Only one stretch of the material below is wanted: everything from the line containing "Robes de soirée" down to the line containing "Sapatos Socias Sofistic Masculino", both ends included. Repeat it exactly and skip the pictures.

Provided data

↓↓↓

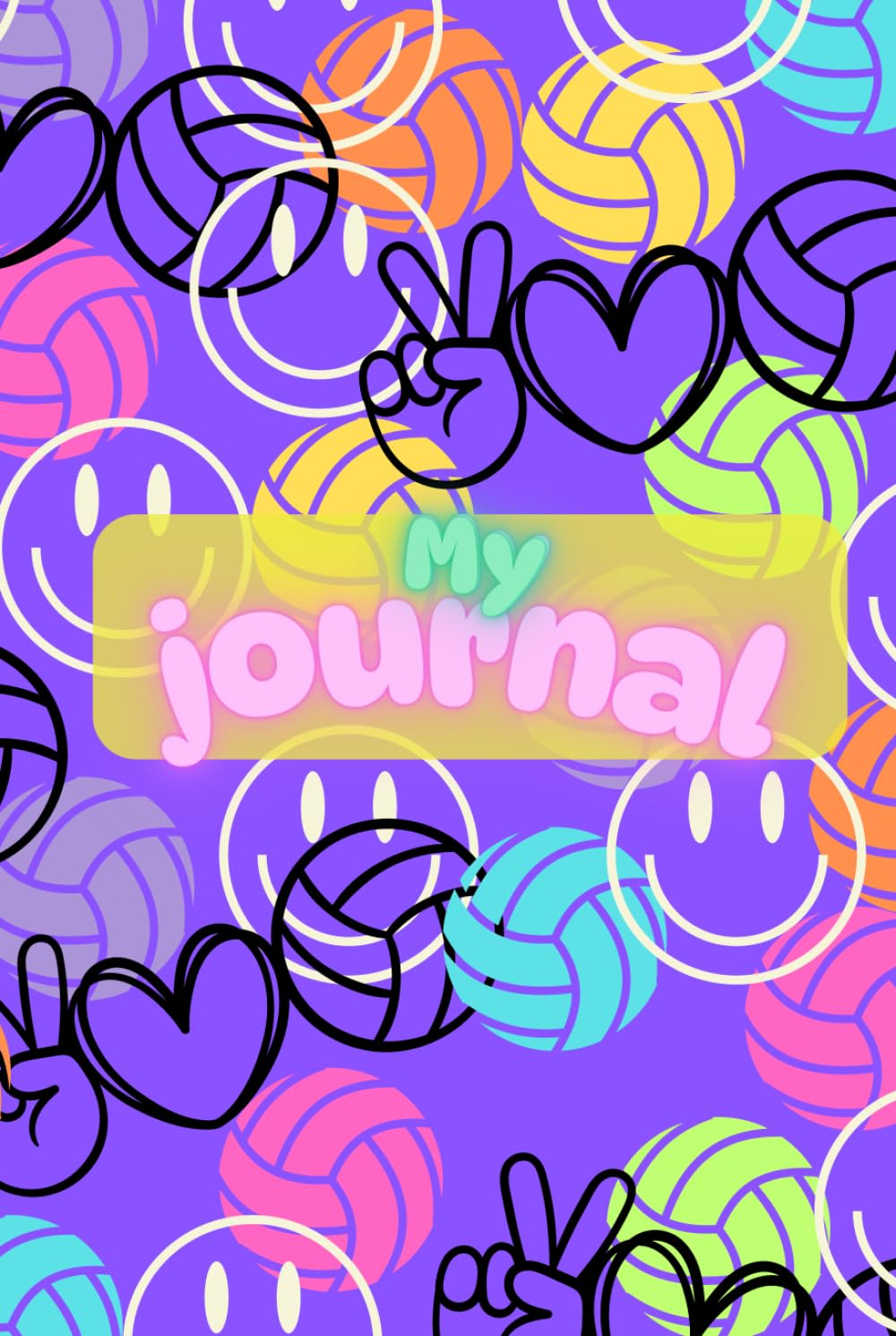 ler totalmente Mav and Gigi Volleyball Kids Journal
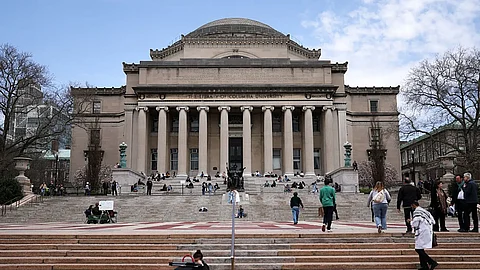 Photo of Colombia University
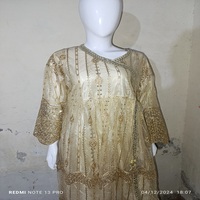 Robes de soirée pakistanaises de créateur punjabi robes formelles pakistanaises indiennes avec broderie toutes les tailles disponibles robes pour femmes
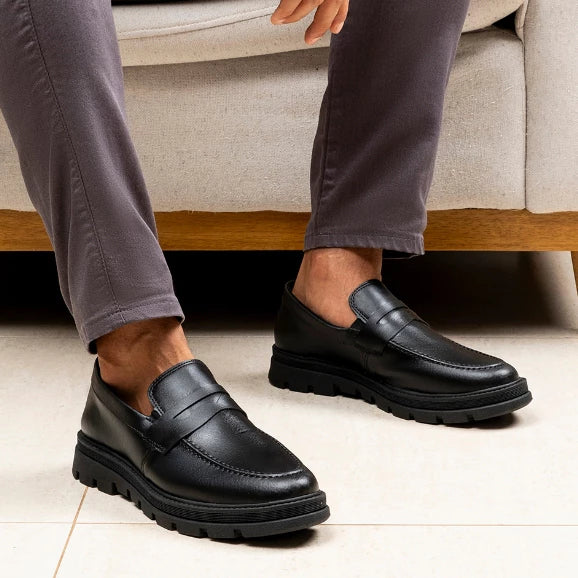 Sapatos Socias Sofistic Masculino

↑↑↑
↓↓↓

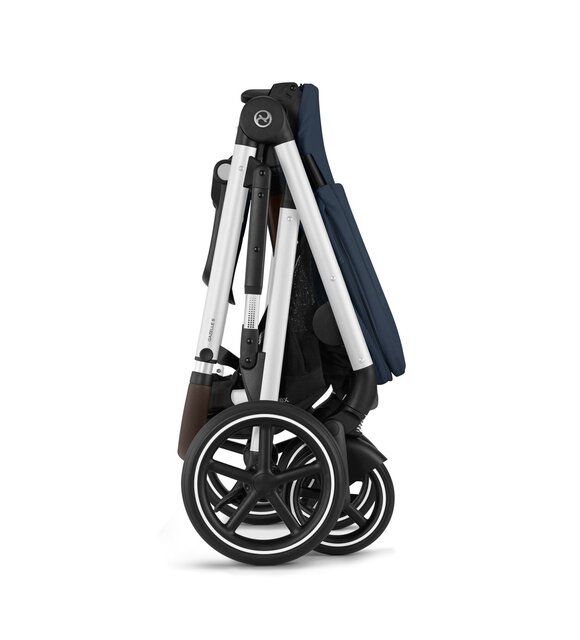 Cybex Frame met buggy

↑↑↑
↓↓↓

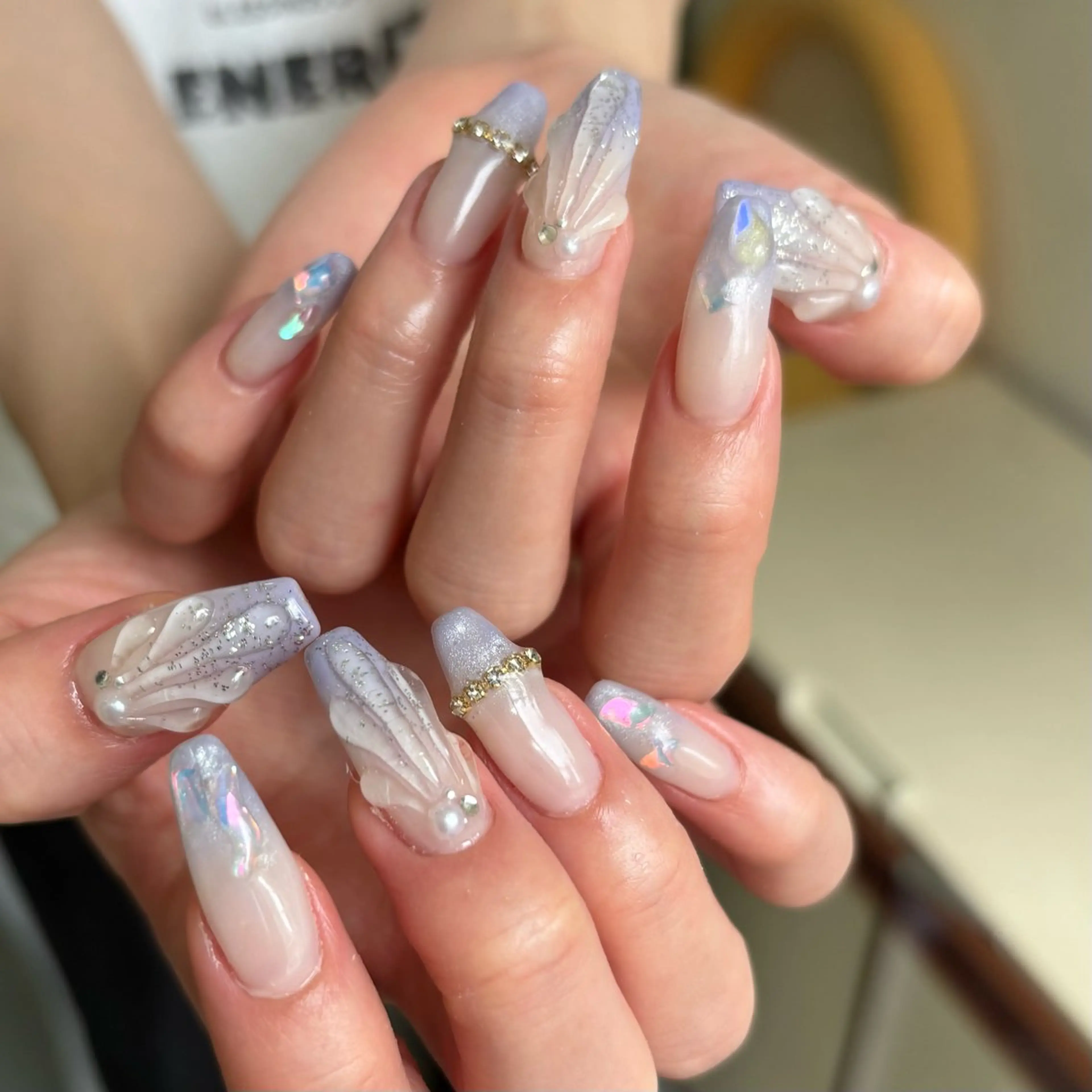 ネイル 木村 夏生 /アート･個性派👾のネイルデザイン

↑↑↑

Response area
 Robes de soirée pakistanaises de créateur punjabi robes formelles pakistanaises indiennes avec broderie toutes les tailles disponibles robes pour femmes
 Sapatos Socias Sofistic Masculino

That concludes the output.